In the French rural districts the aristocracy are very well known individually, and esteemed or not according to their personal qualities. When they are just to their tenants and kind to the poor, these merits are fully acknowledged, and the great folks are regarded with respect and even affection. “C’est un bon Monsieur” the peasants will say of the squire, or, if they include his family, “Ce sont de braves gens, c’est du bon monde.” I know an honest French gentleman and his wife who are always ready with kindness and money when there is any case of real distress, and I do not believe that there is any country in the world where they would be more esteemed than they are in their own neighbourhood.

Absence of Familiarity in France.

I have never known, in France, anything like the Lancashire familiarity in speaking of the rich. The greatest landowner is always either called by his title or at least gets the usual “Monsieur.” He is “Monsieur le Marquis” or “Monsieur de ——,” and often, with a mixture of local feeling and respect, he is “Notre Monsieur,” to distinguish him from other people’s Messieurs. I never in my life heard a French peasant call a country gentleman by his bare name, or by his Christian name only. I know all the tenants on an estate where the rents were raised in a manner that created the greatest dissatisfaction, but, whilst expressing this dissatisfaction in just and straightforward language, the tenants never infused any hatred into their talk, nor did they abandon the usual respectful form in speaking of the landlord. They said that he was hard with them, and that he was acting against his own interest, which he did not seem to understand, as it was impossible for a tenant to work the farms permanently on the new terms. This is the whole substance of what they said, the complete expression of their “savage enmity.”

Wealth not an Objection in Parliamentary Candidates.

At election times I never found that it was a ground of objection to a republican candidate that he was a rich man. There has been a sort of understanding amongst many reactionary rich people in France, of late years, to give as little employment as possible to the wage-earning classes, in order to punish them for voting in favour of republican candidates. The poor resent this attempt to starve them into political subservience, a feeling which is entirely distinct from hatred to the rich as a class. Rich men who continue to give employment are, from contrast, better liked than ever.

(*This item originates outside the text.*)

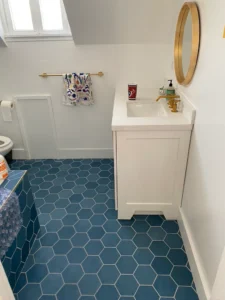 Modern Bathroom Remodel- Ground Up Builders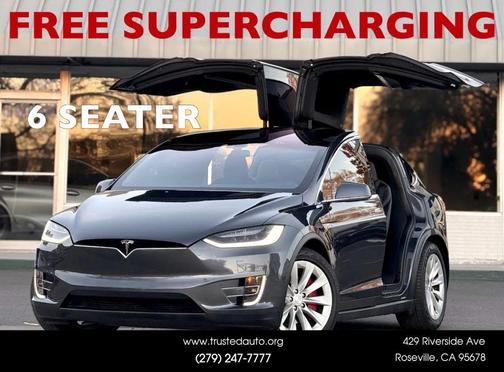 2016 Tesla Model X 90D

Wealth and National Defence.

Unorganised Wealth Valueless in War.

I cannot close this chapter without some reference to the wealth of the two nations from the military point of view, that we are all compelled to consider. To be rich is of no use in actual warfare unless we are also ready. The French had plenty of money in 1870, as they proved shortly afterwards by paying two hundred millions sterling to Germany, yet that money could not win the battles of Gravelotte and Sedan. At the same time the luxurious establishments of rich French people, the wines in their cellars, their collections of pictures, their beautiful books, their pretty carriages, all the pleasant things that are commonly associated with the idea of wealth, were of no more practical value than the embroidery on the mocassins of a Red Indian. The truth is unpleasant, but we have to face it, that wealth itself is valueless for warlike purposes unless it has been employed in time, and that it is not the richest nation, but the most prepared nation, that lives best through the day of trial.[80]